I'm becoming sure my mother was a child of a narcissist too, but never dealt with it. Instead, she married one, a much worse specimen. This was all she knew.
When she complained to others about anything at all, it was about how her mother wasn't getting her due credit. Her possibly narcissistic mother, who was living with us, was the one babysitting me when I wasn't going to daycare (although she thankfully made her husband take me with him on his daily meanderings through the city, which were the fun part of my childhood), and she didn't feel she was seen as important enough, what with my narcissistic father claiming me and controlling me completely, and his narcissistic mother agreeing to meet me for a photo-shoot of "look, we're taking our granddaughter to the park!"
(All these narcissists were just using me as prey, as a chessboard, as the territory they could fight over and claim. Who did the most for me? Who got to control me? Who was I supposed to be most grateful to? Dear God, I remember people telling me in whispers things that were supposed to make me love them more and be grateful to them more than the others. Well, I showed them. I didn't love any of them. I shut down. They all gave me the creeps. I became cold and emotionally reserved and cynical. Around them, anyway.)
It was still all about her mother. Who demanded her due. Rarely about her. Who got her baby basically taken away from her. She wasn't even allowed to nurse me. She tried, realized she had inverted nipples, and bought a nipple shield. My father, the engineer, who wouldn't let me touch a toy before he read the manual, then figured it out himself (playing with it on his own for a while), then gave me an hour-long tutorial, after which the toy would lose all its appeal, that insane technically minded man who read all the manuals in the world for everyone else, forgot to pierce a hole in the nipple shield. And this was only ascertained much later. And not by him. He claimed the baby, i.e. me, was too weak to nurse because she's starving, and that's why the nipple shield wasn't working. So he promptly bought a bottle and formula and "saved" me. He didn't forget to put a hole through the nipple of the bottle, interestingly enough. So he sabotaged our nursing relationship, like he sabotaged our every relationship from the very start.
But she didn't complain much about him appropriating me.

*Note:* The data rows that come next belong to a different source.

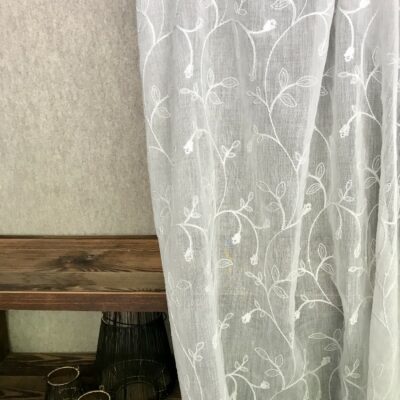 Tenda leggera trasparente su misura online, tinta unita, stile chalet montagna alpino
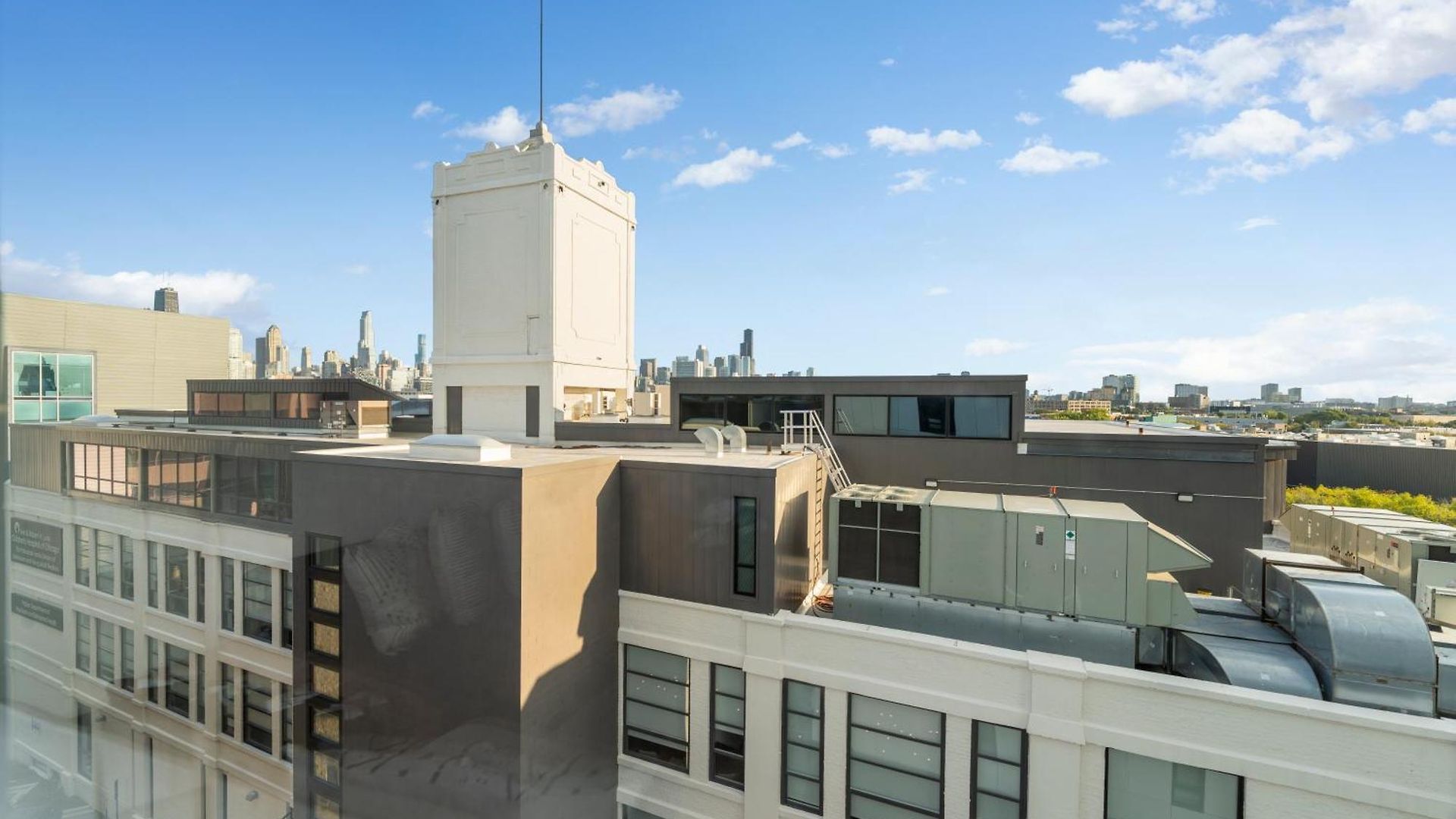 Hotel Group-ready 3br Sleek Design & Great Location *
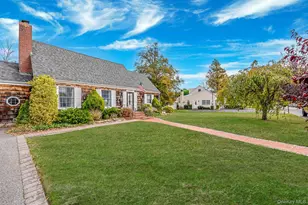 50 Mole Pl, Amityville, NY 11701 - Photo 3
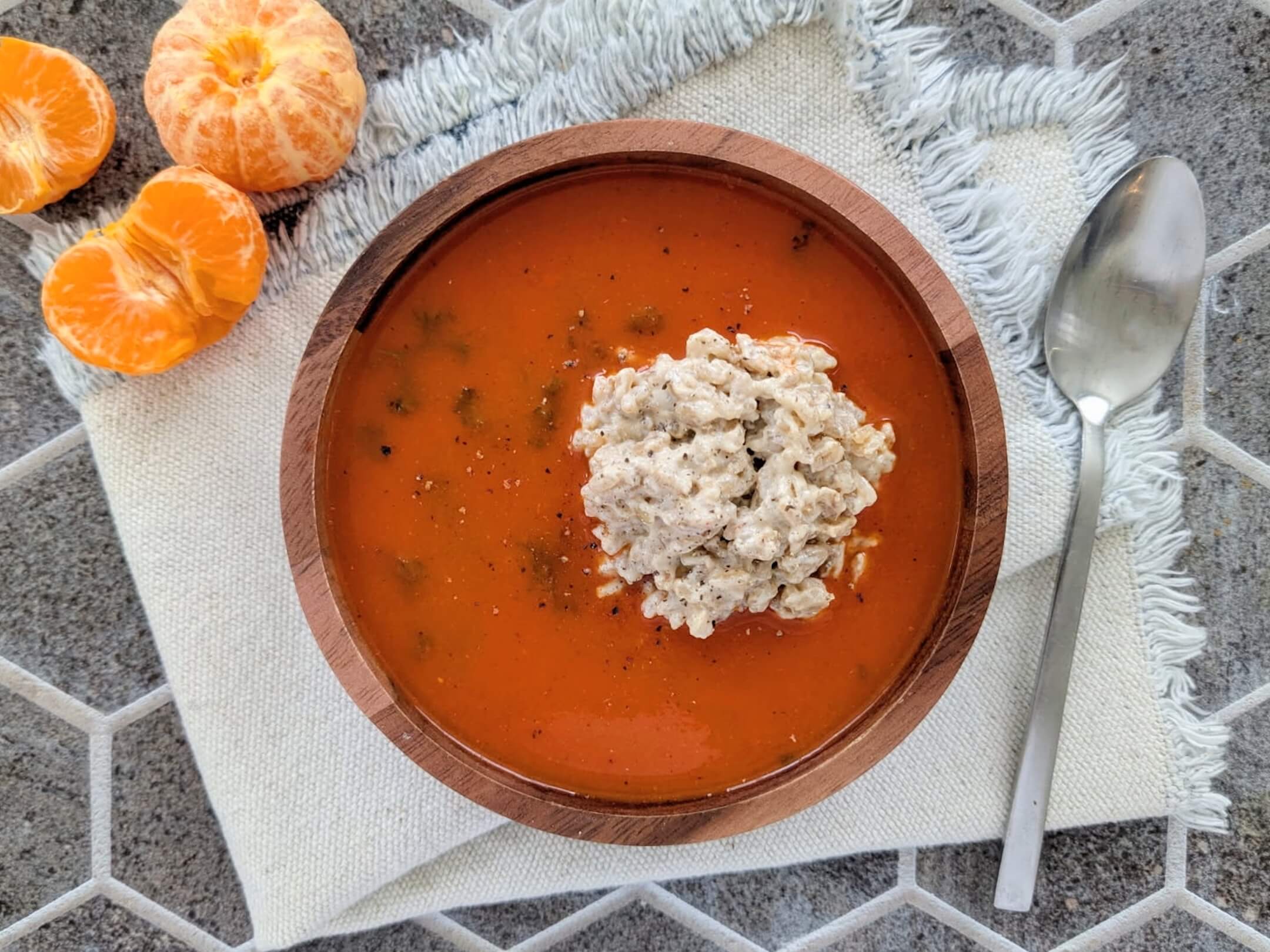 Insanely Easy Roasted Red Pepper Soup with Cheesy Rice and Clementines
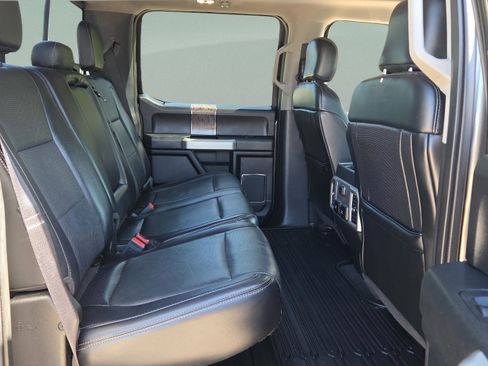 Used 2018 Ford F250 Lariat w/ Lariat Ultimate Package image 15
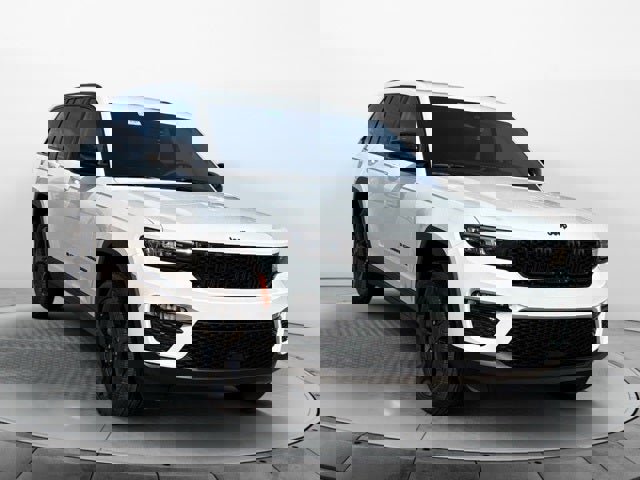 New 2025 Jeep Grand Cherokee Limited w/ Black Appearance Package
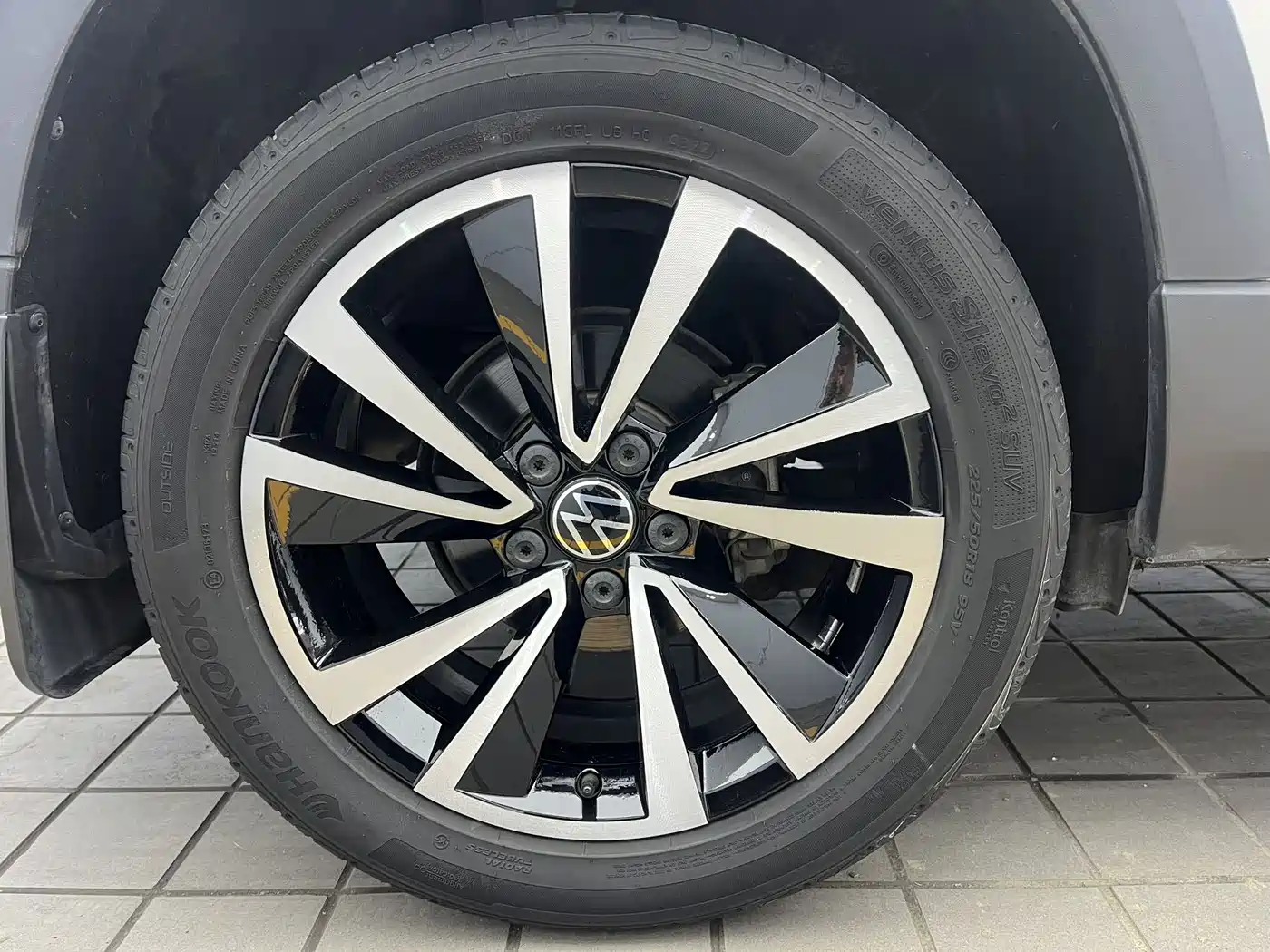 Volkswagen Tharu 2022 280TSI FWD Luxury Edition фото 21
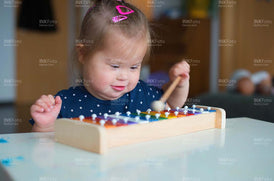 Kleines Mädchen spielt  auf einem  Xylophon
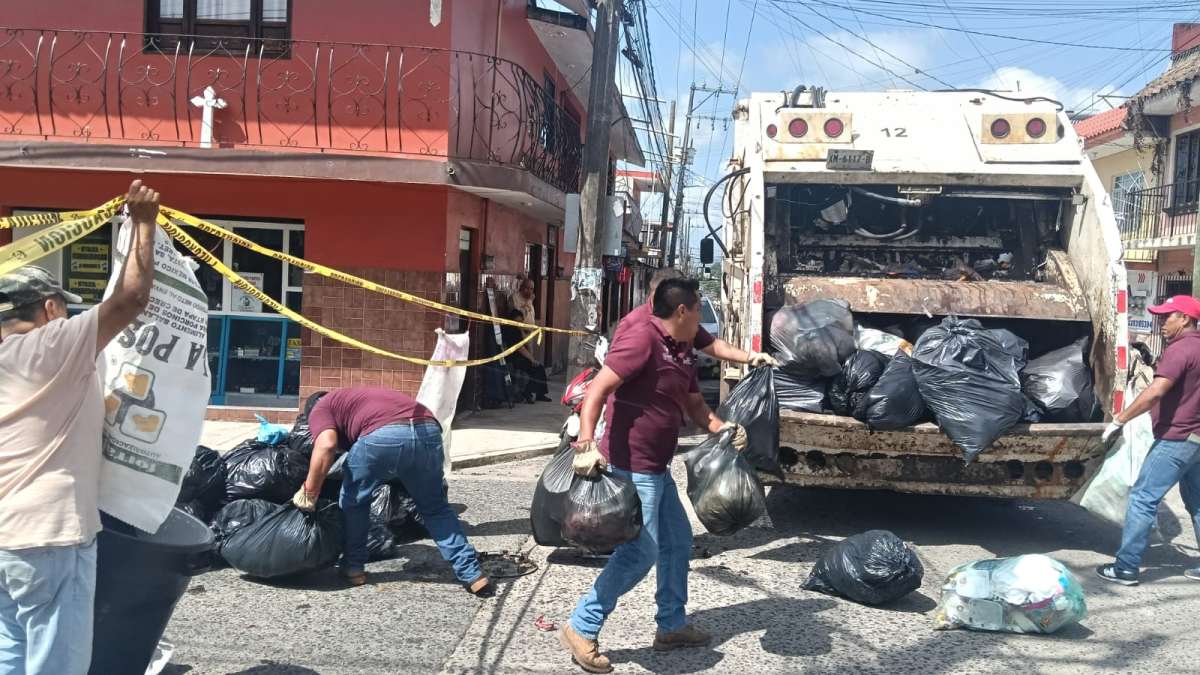 EL SERVICIO DE LIMPIA PÚBLICA EN COATEPEC ESTÁ GARANTIZADO   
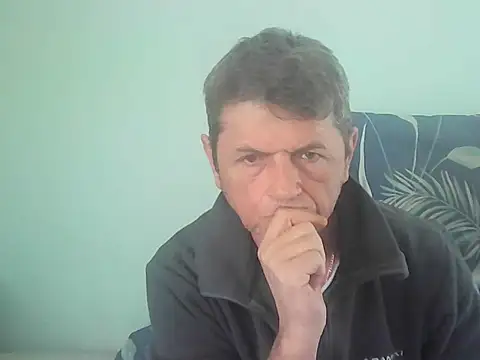 Snapshot of czarek888 chatting on April 12, 2026, 1:38 pm czarek888 online show from April 12, 2026, 1:38 pm
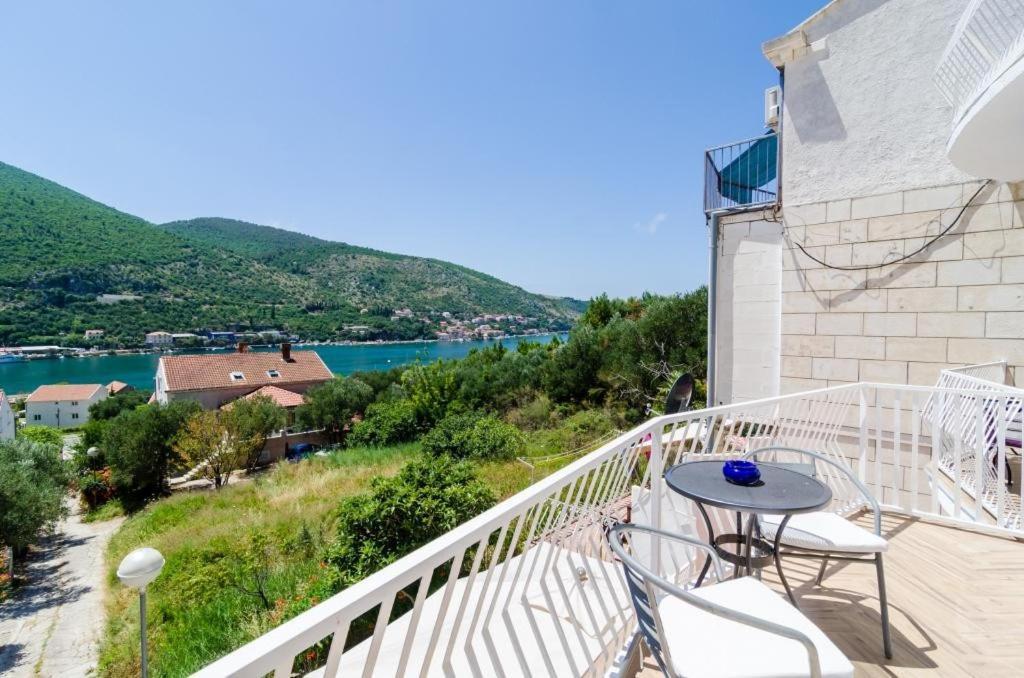 Apartments Peco Mokošica Exteriér fotografie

She claimed to her friend that I'd "saved" her from the daily visits to her MIL. Because my father focused on me, he didn't pay the daily pilgrimages to his mother any more. It was cute when I first heard this. But now I resent it. I wasn't born to save anyone. If she wanted saving from her MIL, she should have refused to go. Or, better yet, she should have divorced that horrible woman's son. I was a baby and wasn't supposed to be saving family members from each other or be used as a pawn in their games. I needed saving myself.
Then, she had "fleas" of her own. She was used to being constantly criticized and didn't mind being the butt of cruel jokes. But she had so much riding on appearances in front of others, appearances that were supposed to be kept up by me. Her mother was a lady and looks mattered to her, and my mother internalized this. Not just being pretty, no, you had to suffer in some way, wear uncomfortable clothes because they looked fancy and lady-like. I remember a horrible cap that hurt and itched and got etched into my forehead, and I kept taking it off, crying, but my mother kept putting it on, because it was pretty. There was the oft-told incident of how my mother spanked me into wearing a pretty dress that I didn't want to wear outside because I knew it meant No Playing, Just Posing. I remember being as old as nine and going for a walk with my mother and my cousin and having to be dressed nicely. When we got to the park, we started climbing trees, and my pants got dirty. We immediately had to leave, because I was "embarrassing" her, and she spanked me along the way (that wasn't embarrassing?) although we'd just come and my cousin had to come from another part of the city to go for a walk with us.
I remember having career counseling in elementary school. Part of it included aptitude tests and an interview with a psychologist. I was told I was "above average" and could do most things I liked. I was happy with that. My mother wasn't. She was a psychologist and actually went to the psychologist who tested me and got exact information from her. She shared my exact IQ, which she wheedled out of the psychologist, with me, in a concerned way. "It must be higher than that" she said worriedly. "They applied an adult scale on you, and you're just 14" she added. Until recently, no, to this day, at this very moment, I'm painfully embarrassed by my IQ of 133 on the Wechsler scale (which roughly corresponds to 153 on the Cattel scale)*. I feel utterly inadequate. I only recently did some googling and was surprised to discover it was in fact not that bad. Top 2%. Good enough for effing Mensa. Why wasn't she happy with that? Why wasn't that good enough for her? What would have been?